The second is Wanda A. Sigur, Vice President and General Manager of Civil Space, Lockheed Martin Space Systems Company. A Louisiana native, Ms. Sigur has not only provided overall technical leadership for the GOES-R program but also a good dozen other major civil space projects over the same time period. All sides credit her with playing a critical role in keeping these programs on track under the most difficult circumstances, including Space Shuttle setbacks, the ravages of Hurricane Katrina on Lockheed-Martin’s facilities along the Gulf Coast, and other challenges over the past decade.

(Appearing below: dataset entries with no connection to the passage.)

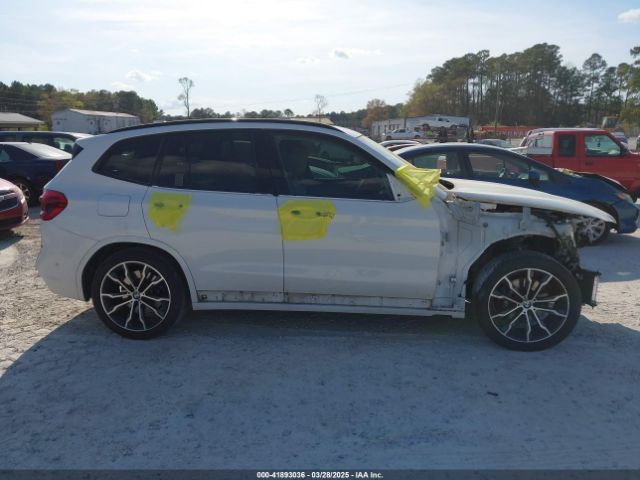 5UXTS3C59J0Z02260 BMW X3 M40i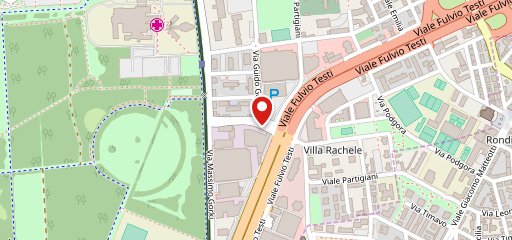 Vulcano Milano Pizza & Burger sulla mappa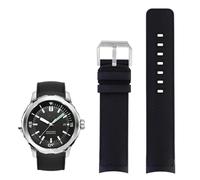 GGYTMQL Suitable for Watch Family Series IW376805 Cousto IW329001 Quick Release Rubber Strap 22mm Accessories for Men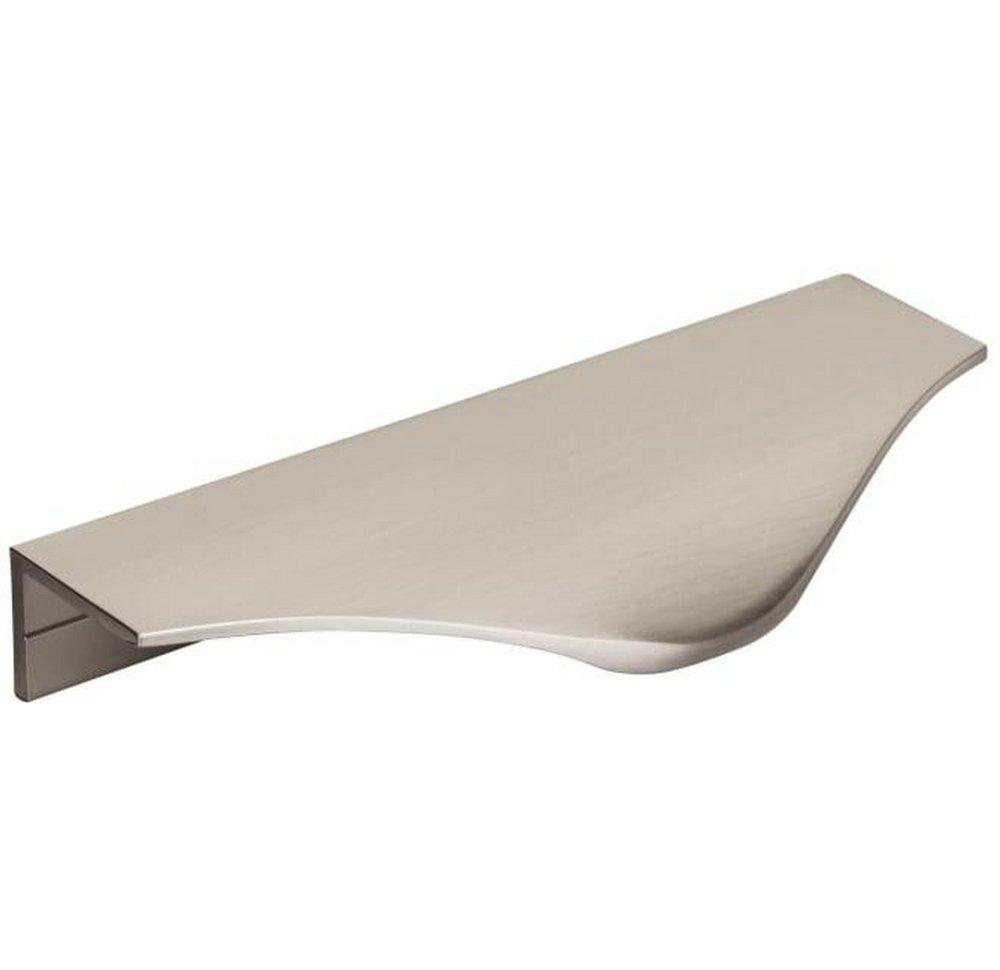 Amerock Satin Nickel 4-3/16 in. Center-to-Center Edge Pull 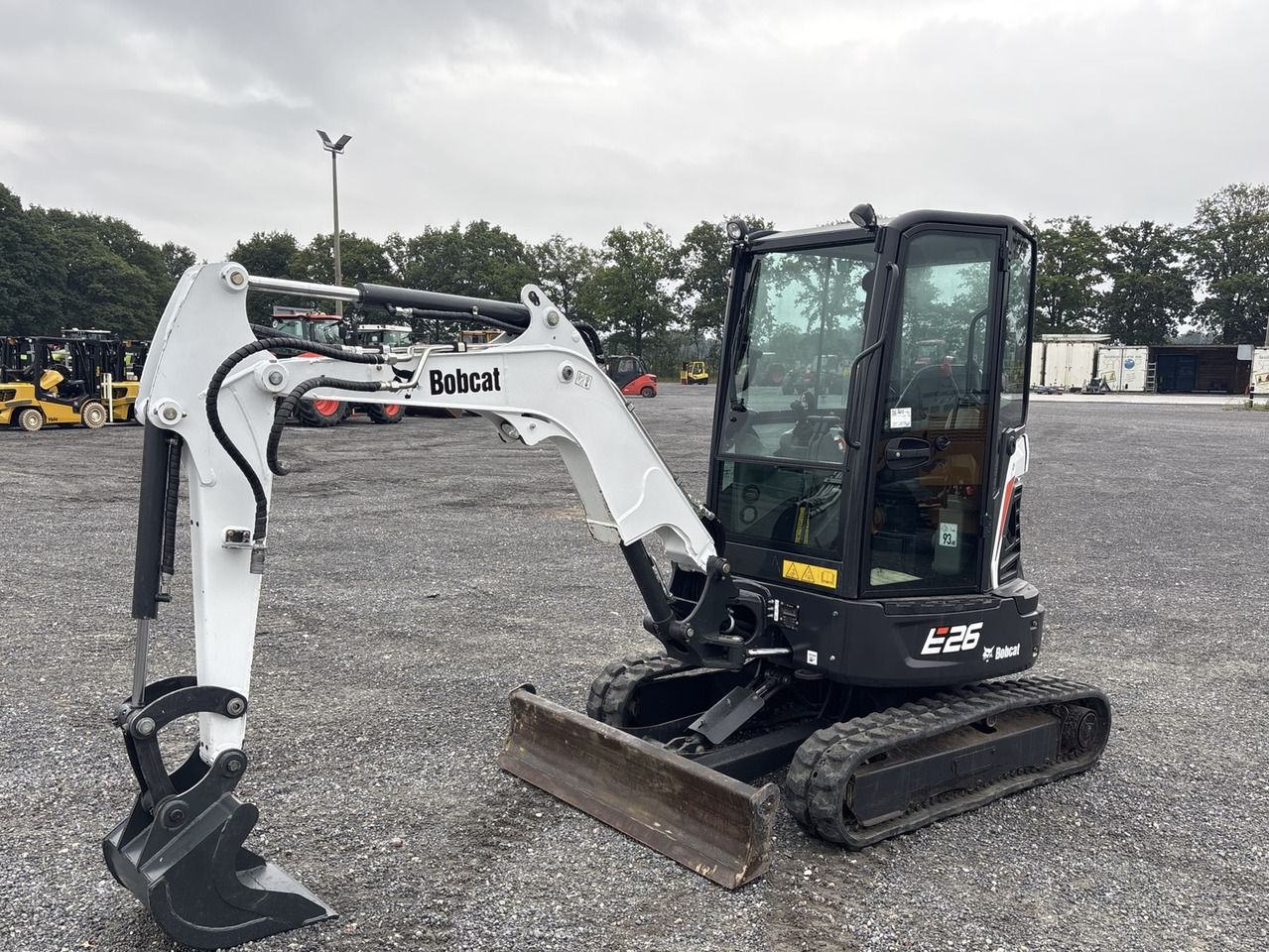 BOBCAT E26 - Minigraver: bilde 2 BOBCAT E26 - Minigraver: bilde 2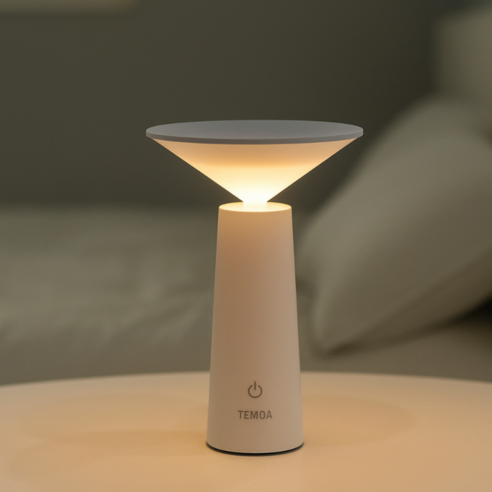 당신의 밤을 바꾸는 은은한 빛, TEMOA 무드등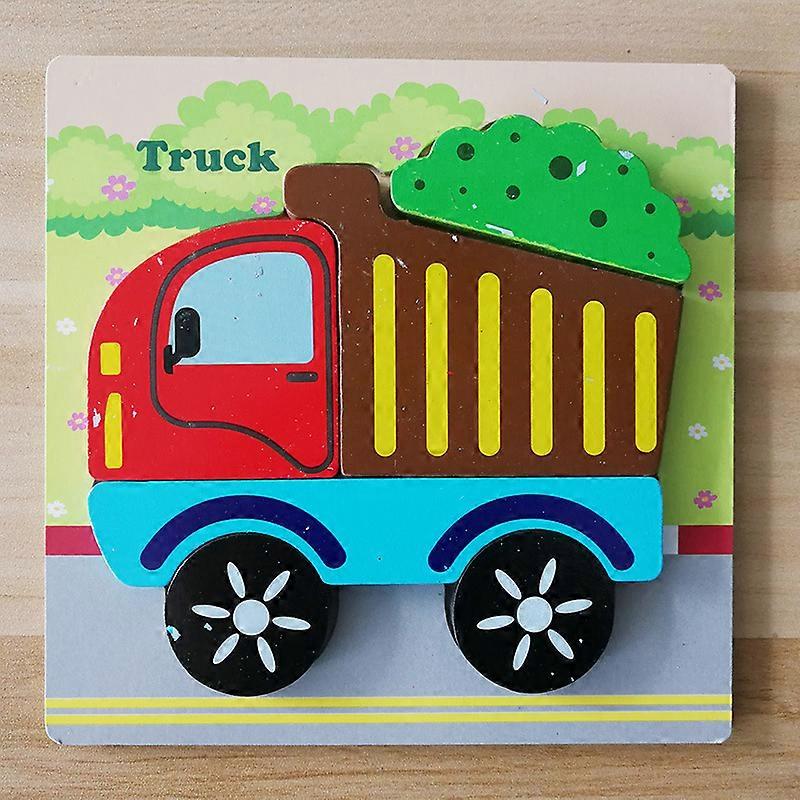 Wooden Jigsaw Puzzles Toddlers,Animal Puzzle Jigsaw Set Early LearningTurtle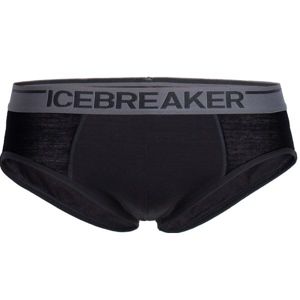 Icebreaker ANATOMICA BRIEFS černá XXL - Pánské slipy z merina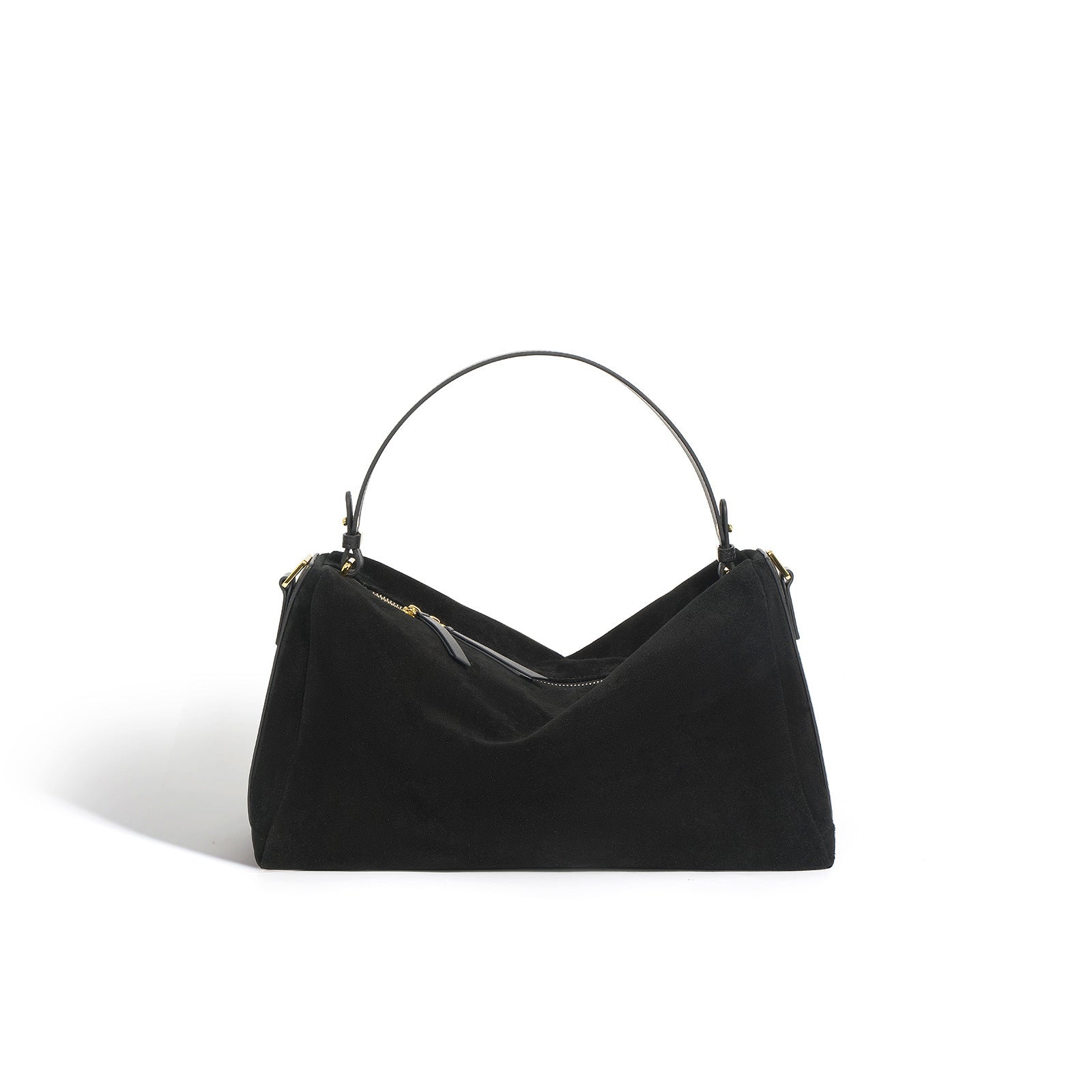 Womens High-grade Versatile Cowhide Handbag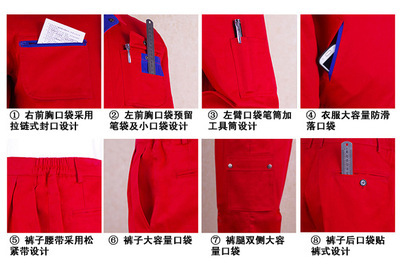 【制都 订做全棉防静电工作服 工厂车间 汽修电焊劳保服批发】价格,厂家,图片,制服、工作服,北京制都服装-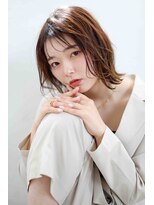 アトリエジル 八潮店(Atelier JILL)&nbsp;艶感切りっぱなしボブ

Two major national achievements. Each reflecting the efforts of thousands of people, working together, over decades of public-private partnership, to realize the vision and desires of hundreds of millions of Americans. The United States at its best – its most high-minded, and creative. Reason for hope in the Nation, as opposed to Self.
A closing note: Andrew Delbanco hinted that hope in Nation might be a poor substitute for hope in God. Not everyone agrees, but if you’ve a mind to explore that further, you might consider a Timothy Keller podcast sermon series dating back to 2009. Well worth your while; impossible to listen without growing more hopeful… and better understanding the real-world basis for it.